What is it about invading the home of strangers and eating at their breakfast table that is so appealing? I think it brings out the voyeur in me. Of course, I don't invade their privacy or wander out of proper bounds. I simply wonder what it would be like to live there, to sit on the porch overlooking the bay every morning and smell the old-house scents and hear the wooden stairs creak and the clock ticking in the hall. To be awakened by barking sea lions and surf, with the fog lacing through the branches of a craggy cypress outside the window. It makes me want to crawl into someone's skin and write. I want to know the past inhabitants, their stories of happiness and loss, of sacrifice and devotion. To witness them marching through their days of monotony and tragedy and miracles. Curiouser and curiouser.
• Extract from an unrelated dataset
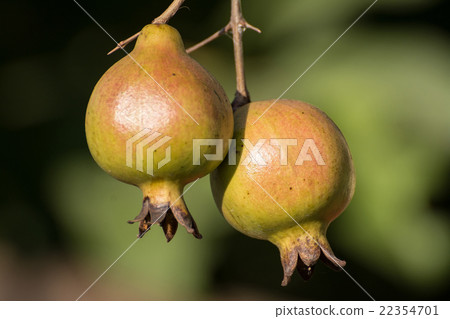 pomegranate on a tree 22354701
I think it's a sad fact that if you want to sell your house you are advised to 'stage' your home by putting away any and all personal items. Prospective buyers need to imagine their own possessions in your living space and not be distracted (or put off) by yours. I understand the concept, and I know it works. But haven't you walked through an open house and caught glimpses of family life, despite their best efforts? You can't hide the stories. There might be a little handprint pressed in the cement patio or a giant bag of 'large breed' dogfood in the garage. The scent of Old Spice in the bathroom or Youth Dew in the master bedroom. Perhaps one side of the closet is empty. Maybe the upholstered chair shows claw marks or an outline of a child's drawing has bled through the paint on the bedroom door. Are they selling the house to move closer to relatives or have they lost their home to foreclosure? Are they expecting a new addition to the family and need more room, and would that be a baby or an elderly grandparent? Very different stories with different endings.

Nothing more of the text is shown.